▶ [Data extract]:
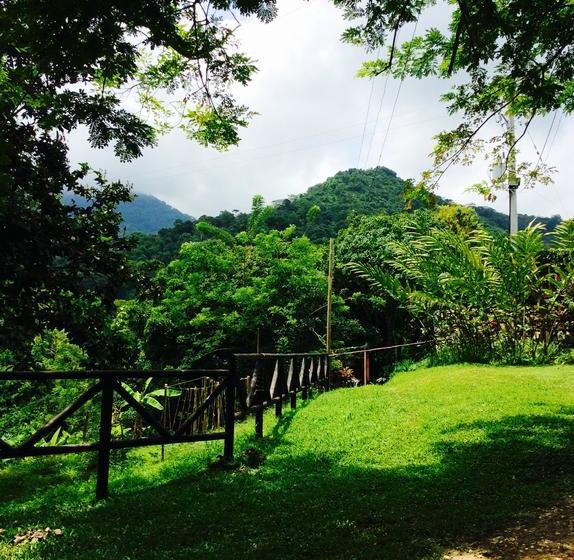 Bed and Breakfast Daniel S Guesthouse | Minca | Magdalena | Colombia 11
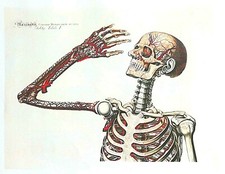 Lithographie Table Anatomique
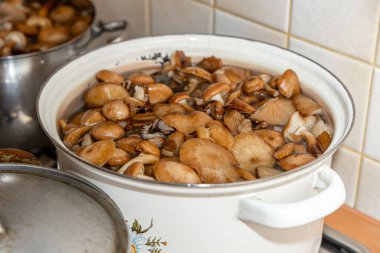 Seramik tabakta lezzetli ballı mantarlar. Kasede bal mantarı (Armillaria mellea) mantarları var. Seçici odaklanma. Yüzeyin derinliği. Tencerede mantarlar..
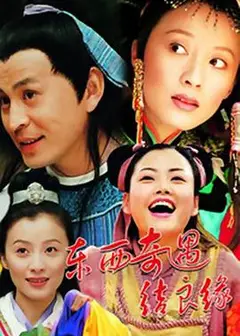 东西奇遇结良缘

▶ [Exercise goal]:
Having located the line with "Seramik tabakta lezzetli", transcribe exactly and only the lines from it to the final line of the material, skipping the pictures.

▶ [Output]:
 Seramik tabakta lezzetli ballı mantarlar. Kasede bal mantarı (Armillaria mellea) mantarları var. Seçici odaklanma. Yüzeyin derinliği. Tencerede mantarlar..
 东西奇遇结良缘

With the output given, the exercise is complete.